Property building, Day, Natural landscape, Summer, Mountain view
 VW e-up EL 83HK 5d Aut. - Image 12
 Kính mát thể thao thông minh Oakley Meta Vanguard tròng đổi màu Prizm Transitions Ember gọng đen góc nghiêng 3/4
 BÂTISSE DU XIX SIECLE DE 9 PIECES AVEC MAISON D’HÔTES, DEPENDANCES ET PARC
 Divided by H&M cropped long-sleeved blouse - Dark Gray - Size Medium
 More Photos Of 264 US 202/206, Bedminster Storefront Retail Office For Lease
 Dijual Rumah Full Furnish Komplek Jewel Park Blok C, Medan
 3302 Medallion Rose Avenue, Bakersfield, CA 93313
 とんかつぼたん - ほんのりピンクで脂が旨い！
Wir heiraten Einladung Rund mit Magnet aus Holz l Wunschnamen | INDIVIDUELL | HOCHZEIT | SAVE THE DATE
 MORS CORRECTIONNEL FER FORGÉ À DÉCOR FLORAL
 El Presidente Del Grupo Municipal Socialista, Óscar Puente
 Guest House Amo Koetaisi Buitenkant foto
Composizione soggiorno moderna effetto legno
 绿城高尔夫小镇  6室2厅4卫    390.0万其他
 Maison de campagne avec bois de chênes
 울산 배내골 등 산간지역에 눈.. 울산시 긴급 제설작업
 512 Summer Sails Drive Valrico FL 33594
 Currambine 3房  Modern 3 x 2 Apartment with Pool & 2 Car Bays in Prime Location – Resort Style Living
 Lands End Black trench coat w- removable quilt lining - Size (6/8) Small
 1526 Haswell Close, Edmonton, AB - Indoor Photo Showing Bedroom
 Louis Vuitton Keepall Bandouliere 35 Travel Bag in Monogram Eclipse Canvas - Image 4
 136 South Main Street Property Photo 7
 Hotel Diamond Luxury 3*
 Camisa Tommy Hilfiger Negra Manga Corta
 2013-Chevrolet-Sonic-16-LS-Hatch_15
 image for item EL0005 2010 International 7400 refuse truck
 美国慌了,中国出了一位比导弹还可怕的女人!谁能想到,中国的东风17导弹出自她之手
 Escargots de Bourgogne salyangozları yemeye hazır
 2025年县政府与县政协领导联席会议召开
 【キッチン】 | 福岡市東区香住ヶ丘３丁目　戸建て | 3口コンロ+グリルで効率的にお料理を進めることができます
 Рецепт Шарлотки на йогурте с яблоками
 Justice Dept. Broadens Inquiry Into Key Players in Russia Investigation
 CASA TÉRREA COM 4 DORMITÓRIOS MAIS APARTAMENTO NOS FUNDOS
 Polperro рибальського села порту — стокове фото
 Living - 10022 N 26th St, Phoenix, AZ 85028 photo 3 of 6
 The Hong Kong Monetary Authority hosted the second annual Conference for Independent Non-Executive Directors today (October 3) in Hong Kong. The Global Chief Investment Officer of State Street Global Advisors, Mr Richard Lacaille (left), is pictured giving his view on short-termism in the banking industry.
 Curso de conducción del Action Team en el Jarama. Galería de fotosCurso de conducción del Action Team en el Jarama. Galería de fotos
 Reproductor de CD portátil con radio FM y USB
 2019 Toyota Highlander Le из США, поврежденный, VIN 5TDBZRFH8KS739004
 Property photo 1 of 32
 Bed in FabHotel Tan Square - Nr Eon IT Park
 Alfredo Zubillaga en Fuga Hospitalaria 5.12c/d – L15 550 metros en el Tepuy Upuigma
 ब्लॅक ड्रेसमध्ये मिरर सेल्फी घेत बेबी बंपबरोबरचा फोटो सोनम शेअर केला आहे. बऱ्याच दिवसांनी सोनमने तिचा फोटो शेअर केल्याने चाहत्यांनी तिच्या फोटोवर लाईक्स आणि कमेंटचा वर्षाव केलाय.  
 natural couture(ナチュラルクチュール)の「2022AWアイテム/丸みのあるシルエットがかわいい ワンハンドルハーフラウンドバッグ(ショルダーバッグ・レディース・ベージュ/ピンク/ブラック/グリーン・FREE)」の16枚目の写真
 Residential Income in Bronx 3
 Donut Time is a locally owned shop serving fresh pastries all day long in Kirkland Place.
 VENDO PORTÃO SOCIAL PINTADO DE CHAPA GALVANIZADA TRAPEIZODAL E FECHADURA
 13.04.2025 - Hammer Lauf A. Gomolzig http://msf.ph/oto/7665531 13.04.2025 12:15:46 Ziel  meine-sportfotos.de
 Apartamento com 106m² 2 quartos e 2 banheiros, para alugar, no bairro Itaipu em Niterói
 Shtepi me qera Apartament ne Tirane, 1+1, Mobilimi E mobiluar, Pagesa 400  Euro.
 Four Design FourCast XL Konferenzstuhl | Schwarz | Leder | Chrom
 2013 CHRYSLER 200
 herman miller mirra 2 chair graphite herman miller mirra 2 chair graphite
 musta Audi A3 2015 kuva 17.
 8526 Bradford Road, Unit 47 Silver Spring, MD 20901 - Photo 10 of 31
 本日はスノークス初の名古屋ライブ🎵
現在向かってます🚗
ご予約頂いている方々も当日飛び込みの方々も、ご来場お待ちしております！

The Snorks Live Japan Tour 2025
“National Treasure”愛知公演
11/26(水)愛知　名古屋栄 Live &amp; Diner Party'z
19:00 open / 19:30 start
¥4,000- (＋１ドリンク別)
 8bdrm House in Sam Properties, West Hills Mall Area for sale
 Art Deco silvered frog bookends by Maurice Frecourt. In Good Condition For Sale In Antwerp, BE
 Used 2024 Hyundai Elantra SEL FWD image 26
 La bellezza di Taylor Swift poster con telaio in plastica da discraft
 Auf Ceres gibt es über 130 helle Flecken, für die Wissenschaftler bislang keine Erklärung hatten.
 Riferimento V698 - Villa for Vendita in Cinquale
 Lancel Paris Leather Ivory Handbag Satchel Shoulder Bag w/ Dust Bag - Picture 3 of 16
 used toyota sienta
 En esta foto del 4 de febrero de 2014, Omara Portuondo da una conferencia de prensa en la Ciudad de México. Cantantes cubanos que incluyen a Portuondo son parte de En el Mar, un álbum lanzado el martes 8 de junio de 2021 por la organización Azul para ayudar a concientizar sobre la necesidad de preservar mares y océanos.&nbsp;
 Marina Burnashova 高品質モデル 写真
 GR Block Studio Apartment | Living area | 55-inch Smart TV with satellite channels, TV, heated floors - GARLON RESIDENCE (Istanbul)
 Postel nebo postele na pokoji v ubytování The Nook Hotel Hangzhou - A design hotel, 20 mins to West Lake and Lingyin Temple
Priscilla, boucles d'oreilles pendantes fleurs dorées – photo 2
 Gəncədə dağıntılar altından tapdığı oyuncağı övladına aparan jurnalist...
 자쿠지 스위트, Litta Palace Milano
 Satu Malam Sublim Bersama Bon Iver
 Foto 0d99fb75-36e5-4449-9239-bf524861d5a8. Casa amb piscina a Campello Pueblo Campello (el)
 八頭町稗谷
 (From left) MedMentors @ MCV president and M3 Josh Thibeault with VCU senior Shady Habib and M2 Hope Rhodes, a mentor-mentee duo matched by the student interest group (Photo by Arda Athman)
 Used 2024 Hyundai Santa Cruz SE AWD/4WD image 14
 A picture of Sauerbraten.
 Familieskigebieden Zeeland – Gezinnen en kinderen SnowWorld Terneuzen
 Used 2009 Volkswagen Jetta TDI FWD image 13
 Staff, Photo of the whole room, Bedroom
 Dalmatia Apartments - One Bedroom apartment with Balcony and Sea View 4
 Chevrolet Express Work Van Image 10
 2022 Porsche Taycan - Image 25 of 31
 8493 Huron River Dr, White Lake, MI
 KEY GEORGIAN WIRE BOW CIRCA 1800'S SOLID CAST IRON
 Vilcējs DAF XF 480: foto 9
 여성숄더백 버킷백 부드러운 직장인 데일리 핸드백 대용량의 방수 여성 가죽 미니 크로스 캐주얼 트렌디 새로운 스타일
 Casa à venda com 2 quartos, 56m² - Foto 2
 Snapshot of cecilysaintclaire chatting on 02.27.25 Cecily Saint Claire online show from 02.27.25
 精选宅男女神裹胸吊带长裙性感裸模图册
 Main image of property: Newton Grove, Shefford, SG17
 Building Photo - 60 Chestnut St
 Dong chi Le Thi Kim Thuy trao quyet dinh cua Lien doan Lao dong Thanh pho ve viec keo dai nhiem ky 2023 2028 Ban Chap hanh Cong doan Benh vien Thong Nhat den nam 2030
----------------
Required action:
Find the line with "Reproductor de CD" in the entries above. Retype it and each line after it, exactly, through the line with "Donut Time is", and stop there.

Exercise result:
 Reproductor de CD portátil con radio FM y USB
 2019 Toyota Highlander Le из США, поврежденный, VIN 5TDBZRFH8KS739004
 Property photo 1 of 32
 Bed in FabHotel Tan Square - Nr Eon IT Park
 Alfredo Zubillaga en Fuga Hospitalaria 5.12c/d – L15 550 metros en el Tepuy Upuigma
 ब्लॅक ड्रेसमध्ये मिरर सेल्फी घेत बेबी बंपबरोबरचा फोटो सोनम शेअर केला आहे. बऱ्याच दिवसांनी सोनमने तिचा फोटो शेअर केल्याने चाहत्यांनी तिच्या फोटोवर लाईक्स आणि कमेंटचा वर्षाव केलाय.  
 natural couture(ナチュラルクチュール)の「2022AWアイテム/丸みのあるシルエットがかわいい ワンハンドルハーフラウンドバッグ(ショルダーバッグ・レディース・ベージュ/ピンク/ブラック/グリーン・FREE)」の16枚目の写真
 Residential Income in Bronx 3
 Donut Time is a locally owned shop serving fresh pastries all day long in Kirkland Place.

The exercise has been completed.